**Given data:**
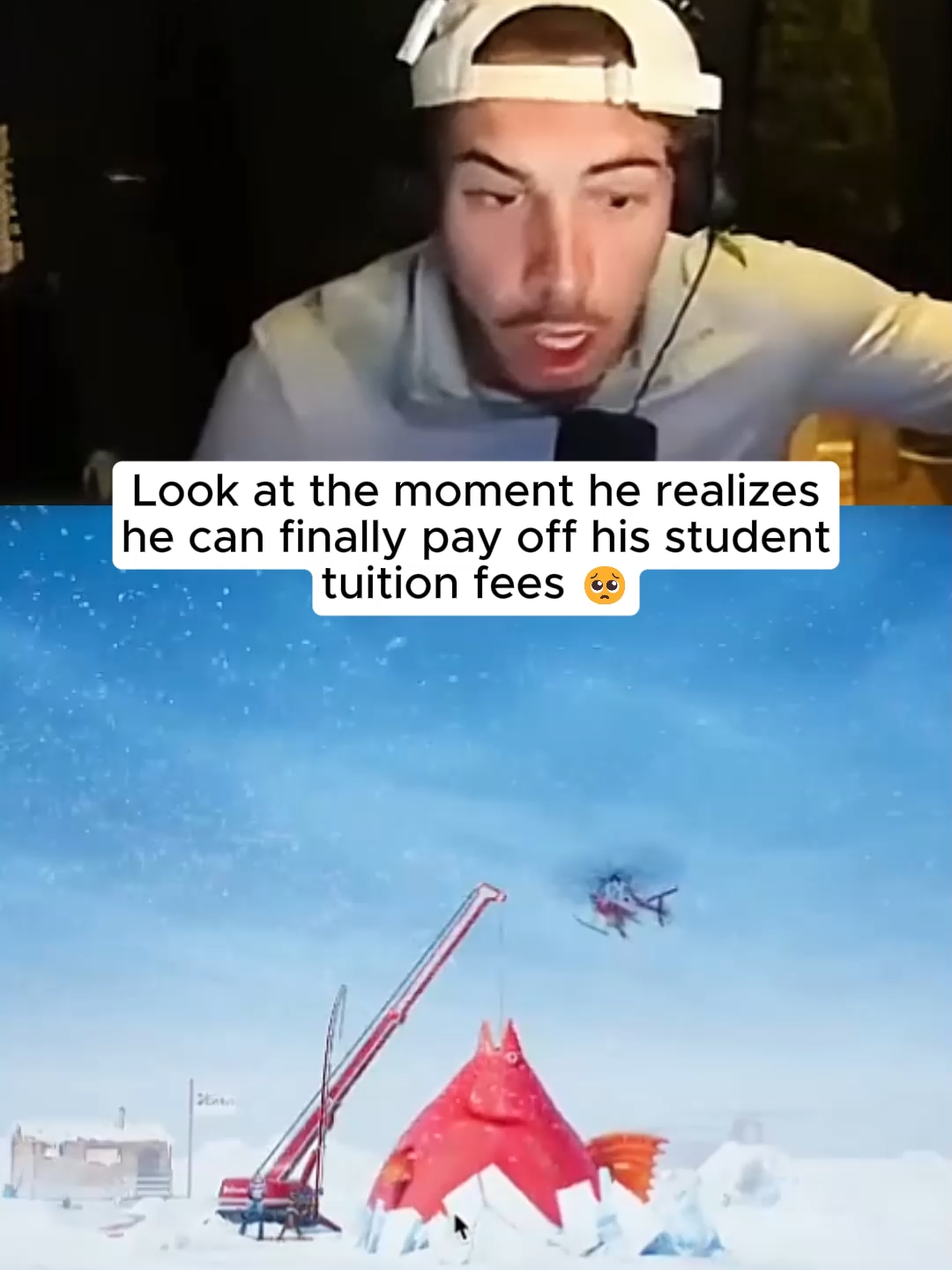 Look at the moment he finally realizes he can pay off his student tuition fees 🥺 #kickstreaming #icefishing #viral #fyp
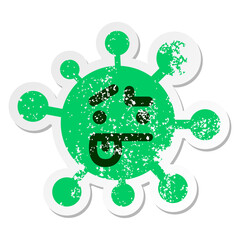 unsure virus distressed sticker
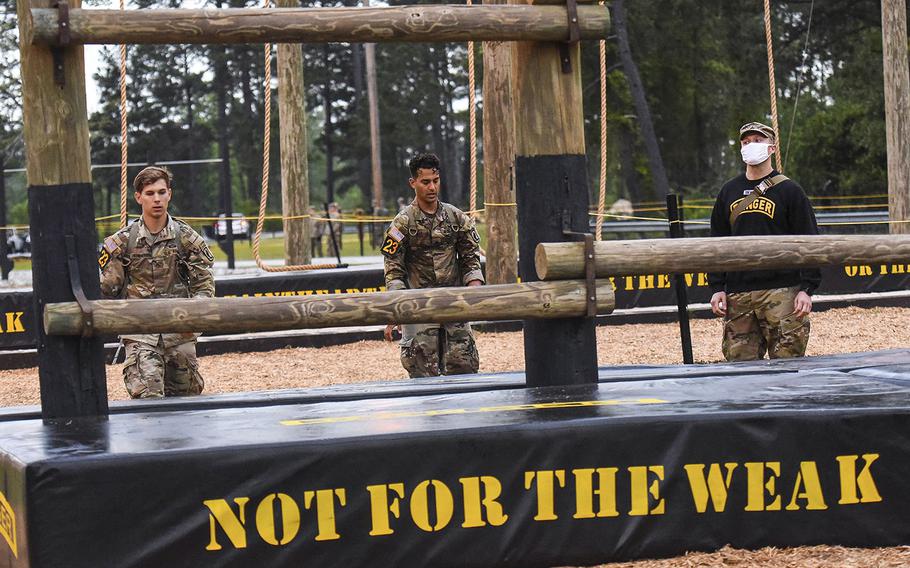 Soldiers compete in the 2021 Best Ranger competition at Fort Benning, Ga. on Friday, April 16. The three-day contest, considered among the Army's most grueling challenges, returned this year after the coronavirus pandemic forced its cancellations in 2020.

**Task description:** Type out the data above again exactly as written, minus the images.

**Result for this task:**
 Look at the moment he finally realizes he can pay off his student tuition fees 🥺 #kickstreaming #icefishing #viral #fyp
 unsure virus distressed sticker
 Soldiers compete in the 2021 Best Ranger competition at Fort Benning, Ga. on Friday, April 16. The three-day contest, considered among the Army's most grueling challenges, returned this year after the coronavirus pandemic forced its cancellations in 2020.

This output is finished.